Crawled caption data
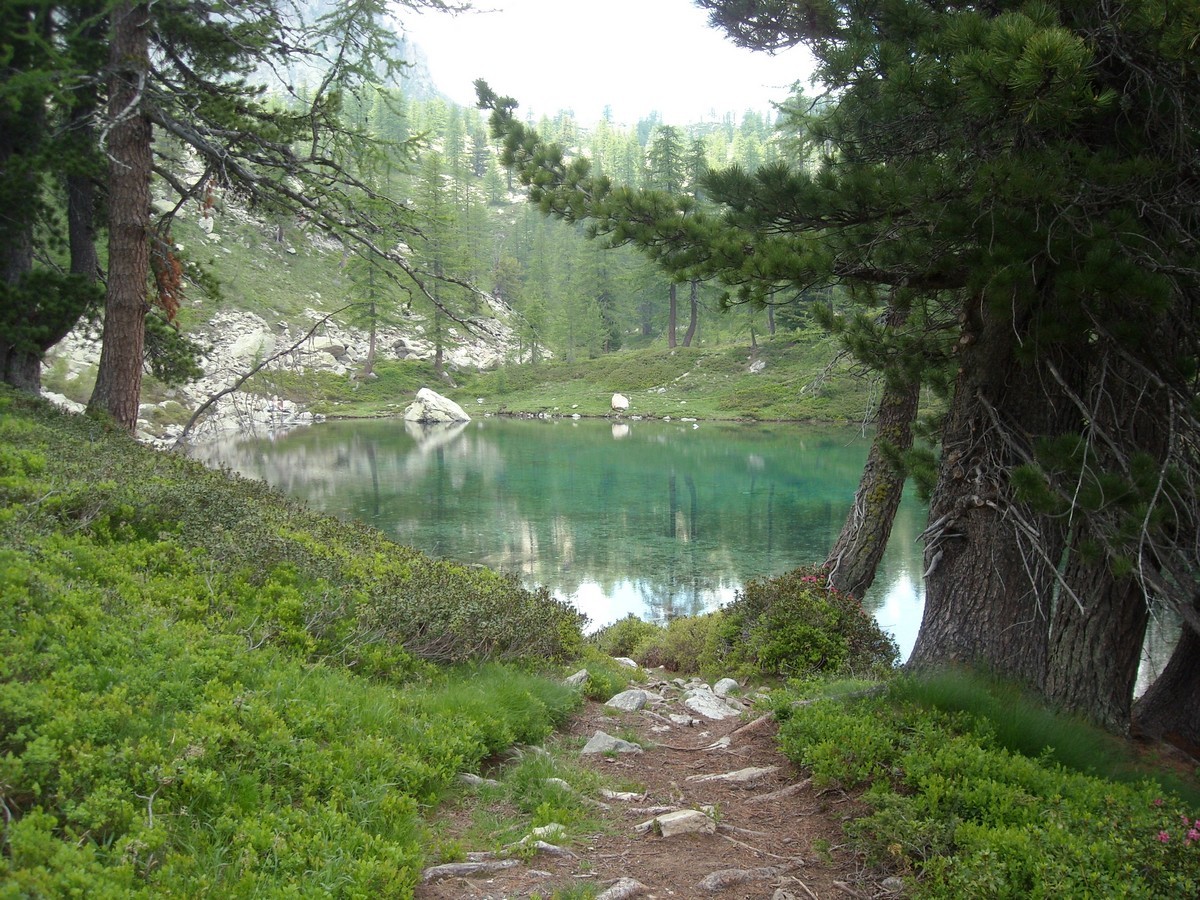Un petit lac émeraude au beau milieu des arbres, voilà ce qui vous attend !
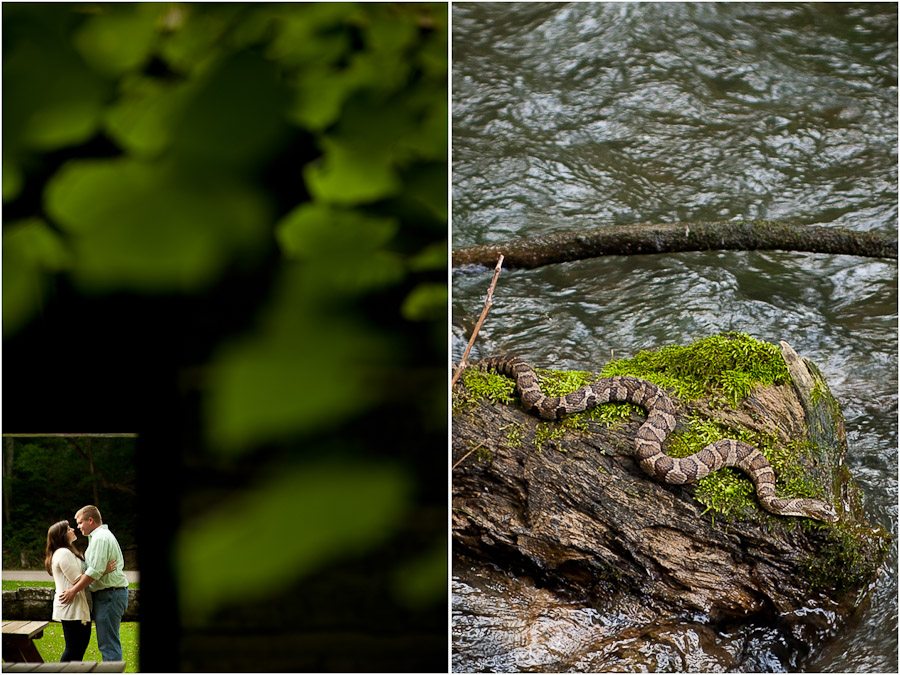 copperhead at engagement session!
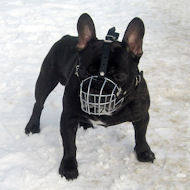 Maulkorb für Französische Bulldogge, Boston Terrier
Beisskorb
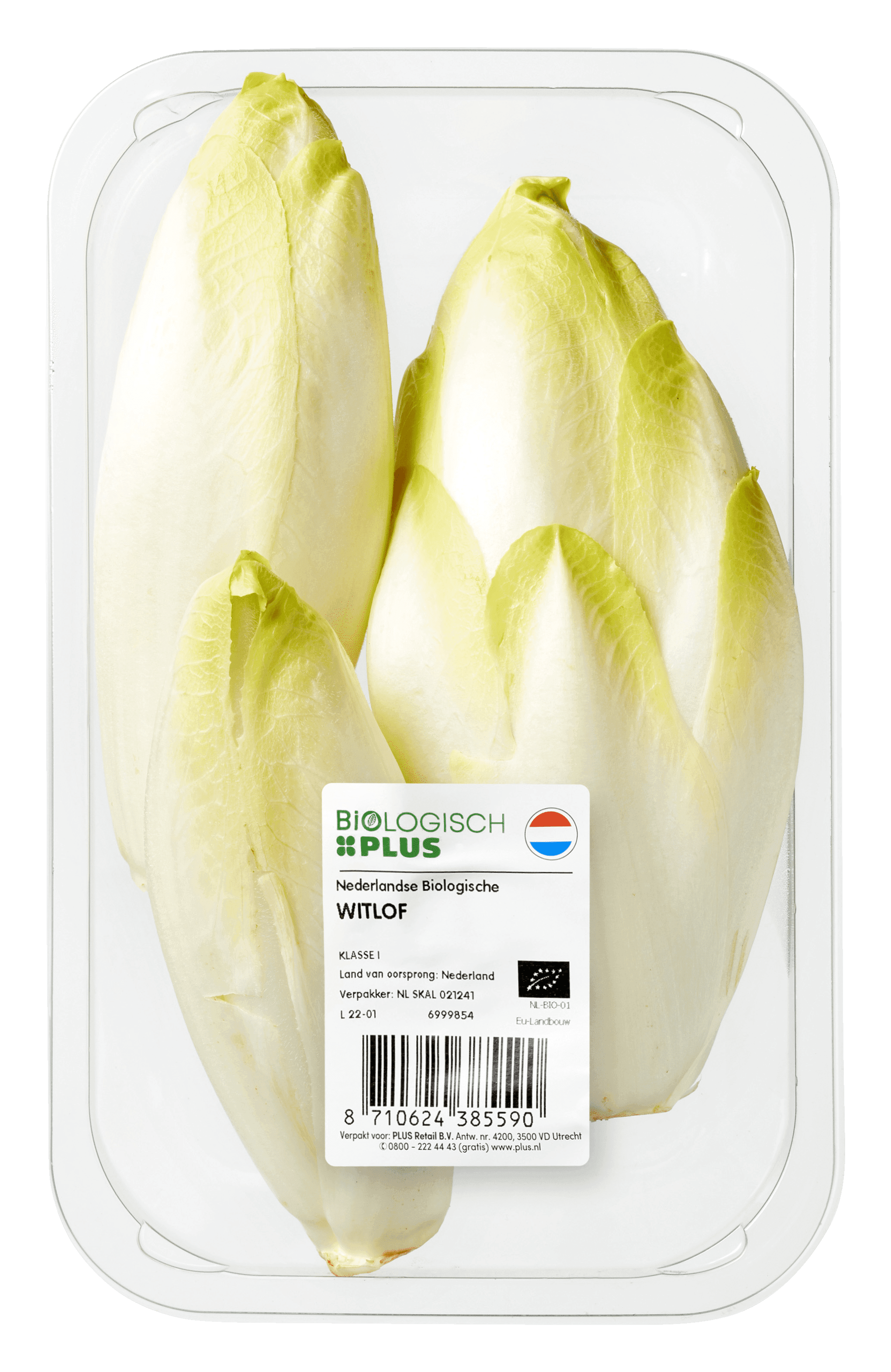 Biologisch PLUS Witlof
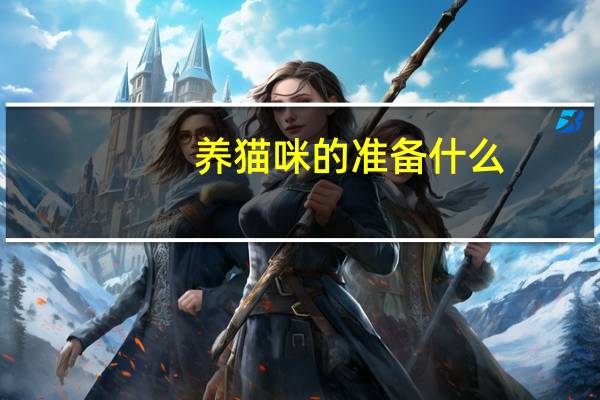 养猫咪的准备什么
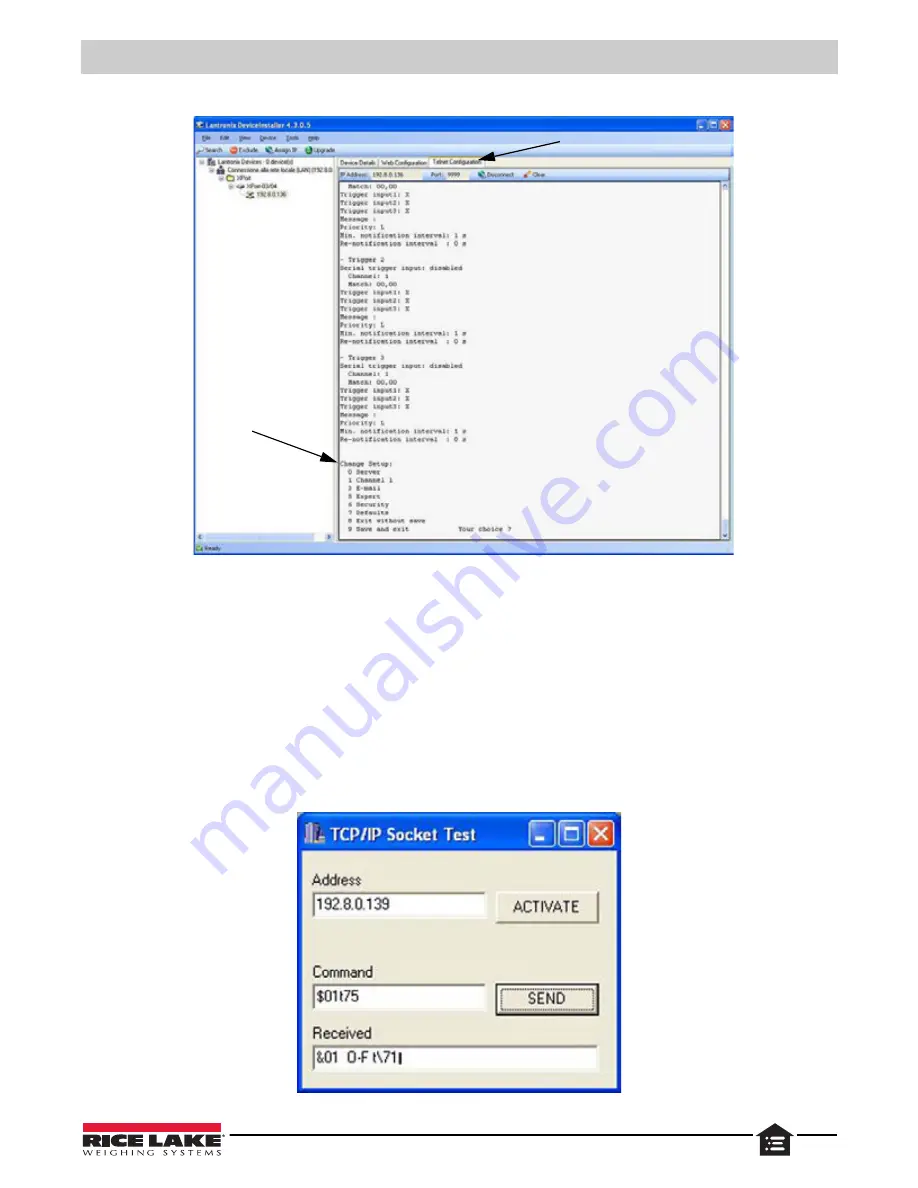 Rice Lake SCT20-AN Technical Manual Download Page 45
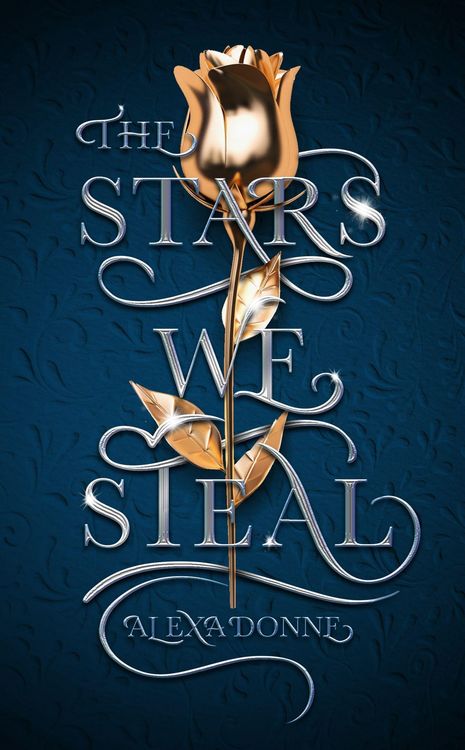 Produktbild: The Stars We Steal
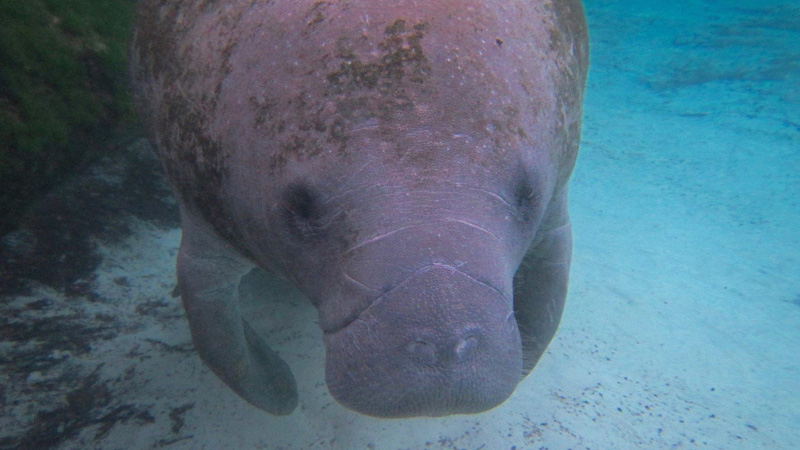 Eco Tour destinations - Homosassa and Crystal River Florida Manatees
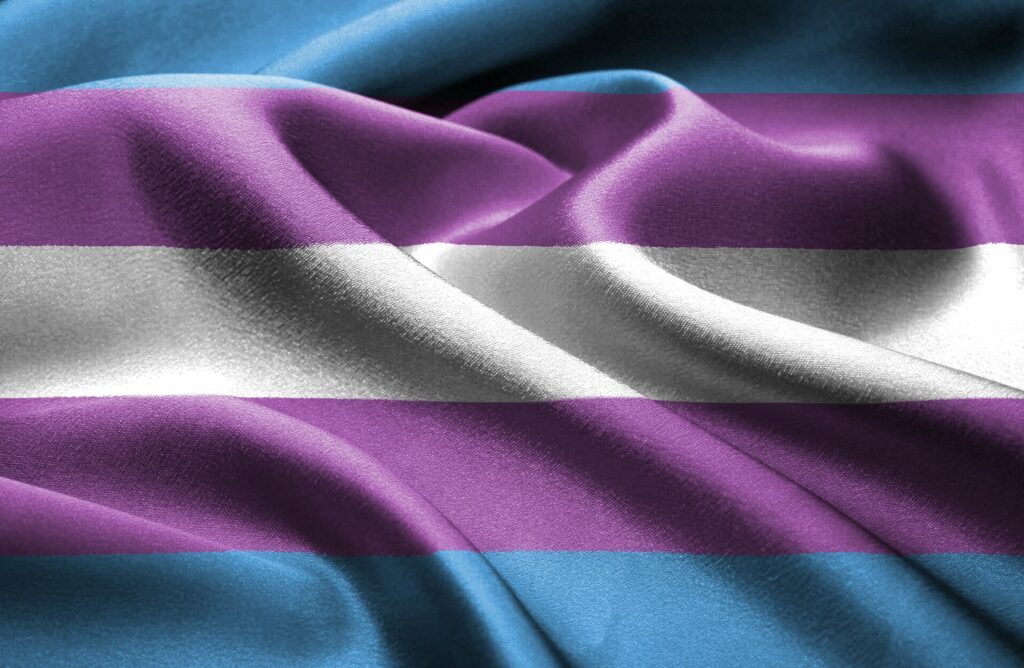 bandeira transgénero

- _Work task_: Leave the pictures out. Repeat every entry above exactly.

- _Result_:
Un petit lac émeraude au beau milieu des arbres, voilà ce qui vous attend !
 copperhead at engagement session!
 Maulkorb für Französische Bulldogge, Boston Terrier
Beisskorb
 Biologisch PLUS Witlof
 养猫咪的准备什么
 Rice Lake SCT20-AN Technical Manual Download Page 45
 Produktbild: The Stars We Steal
 Eco Tour destinations - Homosassa and Crystal River Florida Manatees
 bandeira transgénero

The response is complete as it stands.